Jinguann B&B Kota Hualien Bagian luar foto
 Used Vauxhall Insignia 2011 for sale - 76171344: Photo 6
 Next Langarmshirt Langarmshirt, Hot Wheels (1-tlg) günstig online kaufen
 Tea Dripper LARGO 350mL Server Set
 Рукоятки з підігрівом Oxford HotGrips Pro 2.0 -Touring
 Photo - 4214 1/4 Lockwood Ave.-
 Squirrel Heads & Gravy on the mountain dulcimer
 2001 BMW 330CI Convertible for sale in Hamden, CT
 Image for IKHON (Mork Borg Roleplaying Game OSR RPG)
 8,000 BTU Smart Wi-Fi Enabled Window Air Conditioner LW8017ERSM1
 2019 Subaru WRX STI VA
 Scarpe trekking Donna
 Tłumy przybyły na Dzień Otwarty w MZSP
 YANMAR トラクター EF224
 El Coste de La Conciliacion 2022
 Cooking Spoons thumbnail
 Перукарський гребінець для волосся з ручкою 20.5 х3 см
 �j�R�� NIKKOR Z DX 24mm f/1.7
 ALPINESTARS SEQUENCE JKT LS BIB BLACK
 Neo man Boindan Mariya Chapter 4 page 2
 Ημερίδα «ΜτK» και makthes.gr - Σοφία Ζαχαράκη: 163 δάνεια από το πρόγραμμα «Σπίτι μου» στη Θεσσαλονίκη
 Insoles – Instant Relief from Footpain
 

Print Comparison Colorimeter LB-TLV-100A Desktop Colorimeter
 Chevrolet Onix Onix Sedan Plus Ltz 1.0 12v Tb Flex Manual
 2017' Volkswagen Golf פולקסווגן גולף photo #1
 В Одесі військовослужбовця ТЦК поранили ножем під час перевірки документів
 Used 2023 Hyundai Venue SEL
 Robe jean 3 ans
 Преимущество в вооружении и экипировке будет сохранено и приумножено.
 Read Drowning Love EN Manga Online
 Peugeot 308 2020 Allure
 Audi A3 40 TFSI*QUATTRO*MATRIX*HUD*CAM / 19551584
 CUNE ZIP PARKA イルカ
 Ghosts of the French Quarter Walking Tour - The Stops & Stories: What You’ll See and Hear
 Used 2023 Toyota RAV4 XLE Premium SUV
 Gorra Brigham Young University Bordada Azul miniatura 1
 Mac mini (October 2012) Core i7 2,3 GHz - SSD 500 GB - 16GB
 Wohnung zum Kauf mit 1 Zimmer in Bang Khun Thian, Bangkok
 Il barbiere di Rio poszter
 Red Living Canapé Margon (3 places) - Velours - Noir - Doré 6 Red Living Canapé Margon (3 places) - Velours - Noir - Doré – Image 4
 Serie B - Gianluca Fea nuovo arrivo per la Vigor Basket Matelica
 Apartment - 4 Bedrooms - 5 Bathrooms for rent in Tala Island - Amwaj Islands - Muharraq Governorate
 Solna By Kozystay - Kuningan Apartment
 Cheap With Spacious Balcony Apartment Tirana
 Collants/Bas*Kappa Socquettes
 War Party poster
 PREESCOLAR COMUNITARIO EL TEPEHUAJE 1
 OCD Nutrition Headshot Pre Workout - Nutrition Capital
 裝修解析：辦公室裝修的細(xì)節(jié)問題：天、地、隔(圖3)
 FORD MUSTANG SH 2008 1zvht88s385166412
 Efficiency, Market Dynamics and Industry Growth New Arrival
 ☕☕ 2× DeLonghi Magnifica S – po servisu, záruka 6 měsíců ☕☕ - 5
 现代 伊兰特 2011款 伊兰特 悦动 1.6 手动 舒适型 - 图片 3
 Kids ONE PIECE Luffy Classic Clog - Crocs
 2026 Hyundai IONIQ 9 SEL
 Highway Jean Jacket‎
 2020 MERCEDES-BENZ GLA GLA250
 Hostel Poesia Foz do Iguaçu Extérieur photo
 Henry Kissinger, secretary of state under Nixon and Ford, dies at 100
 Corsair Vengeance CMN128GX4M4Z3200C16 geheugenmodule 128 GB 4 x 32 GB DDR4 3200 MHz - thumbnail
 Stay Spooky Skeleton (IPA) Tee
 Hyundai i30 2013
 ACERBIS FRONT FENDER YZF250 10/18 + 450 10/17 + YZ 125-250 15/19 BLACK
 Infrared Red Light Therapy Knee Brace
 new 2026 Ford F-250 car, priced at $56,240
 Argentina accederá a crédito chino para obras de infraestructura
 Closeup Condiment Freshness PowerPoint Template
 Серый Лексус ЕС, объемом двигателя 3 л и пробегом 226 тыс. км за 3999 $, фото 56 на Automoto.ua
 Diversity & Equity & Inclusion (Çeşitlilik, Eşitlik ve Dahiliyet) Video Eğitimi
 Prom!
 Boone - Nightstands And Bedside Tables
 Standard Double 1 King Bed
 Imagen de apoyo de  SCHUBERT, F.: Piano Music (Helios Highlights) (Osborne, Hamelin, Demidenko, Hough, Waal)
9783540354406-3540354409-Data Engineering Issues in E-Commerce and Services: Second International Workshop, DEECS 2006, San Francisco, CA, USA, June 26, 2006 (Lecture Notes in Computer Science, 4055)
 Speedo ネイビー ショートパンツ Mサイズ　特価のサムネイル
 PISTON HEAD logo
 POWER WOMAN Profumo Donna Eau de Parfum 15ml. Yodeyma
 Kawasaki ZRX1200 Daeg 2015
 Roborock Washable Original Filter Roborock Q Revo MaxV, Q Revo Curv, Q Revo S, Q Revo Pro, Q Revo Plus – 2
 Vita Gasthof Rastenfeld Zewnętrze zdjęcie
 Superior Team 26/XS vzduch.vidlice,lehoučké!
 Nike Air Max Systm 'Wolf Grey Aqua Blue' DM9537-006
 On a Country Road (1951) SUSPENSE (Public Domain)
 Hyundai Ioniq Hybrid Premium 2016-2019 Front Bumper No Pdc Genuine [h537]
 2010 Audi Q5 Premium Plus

####

Task statement: The expected result is an exact transcription of the lines from the one containing "Vita Gasthof Rastenfeld Zewnętrze zdjęcie" through the end of the records above; please include both ends.

Task answer:
 Vita Gasthof Rastenfeld Zewnętrze zdjęcie
 Superior Team 26/XS vzduch.vidlice,lehoučké!
 Nike Air Max Systm 'Wolf Grey Aqua Blue' DM9537-006
 On a Country Road (1951) SUSPENSE (Public Domain)
 Hyundai Ioniq Hybrid Premium 2016-2019 Front Bumper No Pdc Genuine [h537]
 2010 Audi Q5 Premium Plus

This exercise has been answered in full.